**PROBLEM STATEMENT**
Determine how many lines in the following listing include "Private". Respond with that number only.
※
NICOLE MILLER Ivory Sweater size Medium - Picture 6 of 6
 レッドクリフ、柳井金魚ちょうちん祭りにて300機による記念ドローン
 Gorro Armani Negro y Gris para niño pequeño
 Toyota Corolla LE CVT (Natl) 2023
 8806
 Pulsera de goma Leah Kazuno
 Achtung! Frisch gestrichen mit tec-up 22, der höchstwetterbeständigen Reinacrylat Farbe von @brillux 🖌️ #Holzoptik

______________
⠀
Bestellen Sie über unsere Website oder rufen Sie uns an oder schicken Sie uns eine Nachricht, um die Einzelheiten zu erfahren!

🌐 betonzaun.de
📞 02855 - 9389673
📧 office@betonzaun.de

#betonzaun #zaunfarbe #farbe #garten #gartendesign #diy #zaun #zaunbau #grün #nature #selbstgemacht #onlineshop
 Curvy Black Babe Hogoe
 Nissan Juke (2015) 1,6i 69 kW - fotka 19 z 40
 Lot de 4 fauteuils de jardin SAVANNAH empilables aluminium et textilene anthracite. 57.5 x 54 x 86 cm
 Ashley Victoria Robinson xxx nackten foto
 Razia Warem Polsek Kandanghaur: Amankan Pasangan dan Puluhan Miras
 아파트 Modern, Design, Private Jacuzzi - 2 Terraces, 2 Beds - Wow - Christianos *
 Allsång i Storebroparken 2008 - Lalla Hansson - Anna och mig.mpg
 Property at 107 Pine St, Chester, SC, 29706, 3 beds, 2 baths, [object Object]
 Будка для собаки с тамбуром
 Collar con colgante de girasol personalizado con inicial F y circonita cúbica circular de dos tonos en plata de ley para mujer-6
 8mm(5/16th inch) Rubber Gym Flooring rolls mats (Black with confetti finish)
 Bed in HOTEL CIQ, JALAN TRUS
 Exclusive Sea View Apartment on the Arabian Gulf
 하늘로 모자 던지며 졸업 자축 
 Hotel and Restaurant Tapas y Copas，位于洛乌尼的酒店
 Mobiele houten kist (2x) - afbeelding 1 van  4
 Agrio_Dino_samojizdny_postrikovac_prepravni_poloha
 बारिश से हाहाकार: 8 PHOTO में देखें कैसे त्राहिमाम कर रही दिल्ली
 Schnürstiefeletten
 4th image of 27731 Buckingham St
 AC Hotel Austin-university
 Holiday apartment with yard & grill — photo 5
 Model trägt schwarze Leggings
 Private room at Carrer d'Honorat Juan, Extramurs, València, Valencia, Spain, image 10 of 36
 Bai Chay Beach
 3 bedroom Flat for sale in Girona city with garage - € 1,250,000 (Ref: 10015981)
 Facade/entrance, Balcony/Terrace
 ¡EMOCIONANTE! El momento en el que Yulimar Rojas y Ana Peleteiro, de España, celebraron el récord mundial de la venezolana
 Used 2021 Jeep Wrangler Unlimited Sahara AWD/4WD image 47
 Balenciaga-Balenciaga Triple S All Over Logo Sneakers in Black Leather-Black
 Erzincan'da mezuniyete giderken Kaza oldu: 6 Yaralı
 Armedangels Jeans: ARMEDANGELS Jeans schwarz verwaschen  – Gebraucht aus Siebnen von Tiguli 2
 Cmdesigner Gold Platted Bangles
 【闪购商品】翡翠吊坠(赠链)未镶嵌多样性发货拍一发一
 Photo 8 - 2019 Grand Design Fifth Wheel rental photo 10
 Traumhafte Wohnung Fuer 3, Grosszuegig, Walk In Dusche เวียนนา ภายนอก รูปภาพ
※
**RESULT FOR THIS EXERCISE**
2